Depuis une dizaine d'années, Pascal Dessaint insère la critique sociale dans une interrogation plus large sur les dérives environnementales. "Le Bal des frelons", "Maintenant, le mal est fait", "Cruelles natures", autant de romans où la hiérarchie traditionnelle des personnages s'efface au profit d'un rapport compliqué de chacun avec la nature. Roman choral comme ce dernier dans lequel les hommes et les femmes sont des ombres épuisées par la voracité muette de cette région du Nord.
Michel, célibataire depuis le départ de sa compagne, élève seul le fils de sa sœur fauchée par un camion.
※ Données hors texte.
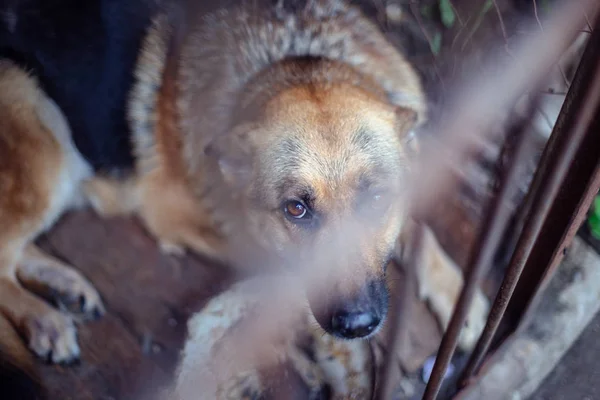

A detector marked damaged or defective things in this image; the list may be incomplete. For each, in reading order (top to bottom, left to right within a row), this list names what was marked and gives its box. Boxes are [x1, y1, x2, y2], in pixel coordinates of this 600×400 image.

Il éprouve une part de culpabilité dans la mort de celle-ci. Tandis que le fantôme de l'industrie lourde se glisse dans les vapeurs des usines chimiques qui ont pris la place, il trompe l'ennui en surveillant l'entrée des minéraliers géants. Un peu plus loin, à cinquante ans, Jérôme survit avec une mère impotente dans une maison grignotée par les dunes.
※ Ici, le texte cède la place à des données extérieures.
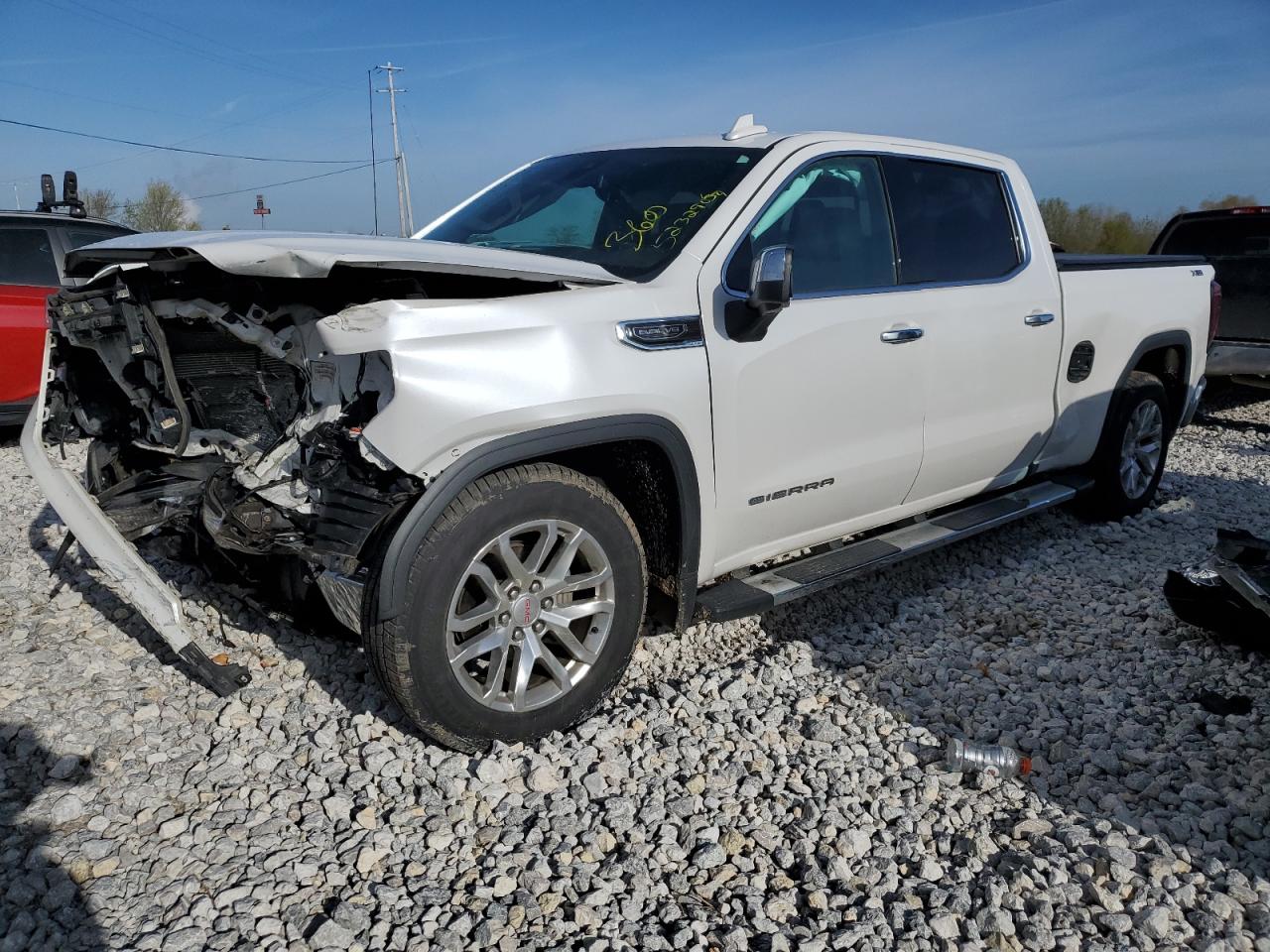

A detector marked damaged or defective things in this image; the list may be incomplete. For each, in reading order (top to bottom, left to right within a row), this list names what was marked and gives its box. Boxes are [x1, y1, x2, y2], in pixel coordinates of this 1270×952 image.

crumpled hood [65, 230, 624, 287]
detached bumper cover [17, 342, 248, 695]
damaged front bumper [20, 357, 251, 695]
crashed front end [22, 265, 416, 695]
L'amertume est comme une atmosphère qui coiffe le paysage. Les vraquiers dérivent sur un horizon sans profondeur et le nouveau canal n'est qu'un trompe misère destiné à pomper l'énergie des survivants évincés des chantiers navals ou de l'usine de plastique. Cyril qui travaillait dans la raffinerie de pétrole avant d'être licencié, campe de façon sauvage en zone industrielle avec sa fille Mona qui assure l'ordinaire comme vendeuse. Un vilain secret les maintient dans une dépendance malsaine. Gilles, battu par son père, est obsédé par l'idée de chasser le phoque. Louis, le neveu de Michel, rêve d'un faucon dans les haubans. Wilfried est un méchant ordinaire, pêcheur de limande et violeur occasionnel. Sa femme Josiane se rêve nageuse de compétition mais s'enfonce dans la graisse d'une maman obèse mère de trois gros garçons aux prénoms de champions.
L'humeur cafardeuse qui anime tous ces personnages les unit pour le pire dans un scénario criminel où l'ignorance le dispute à la perversité. La nuit les submerge et la disparition des liens sociaux les renvoie à un tribalisme cruel.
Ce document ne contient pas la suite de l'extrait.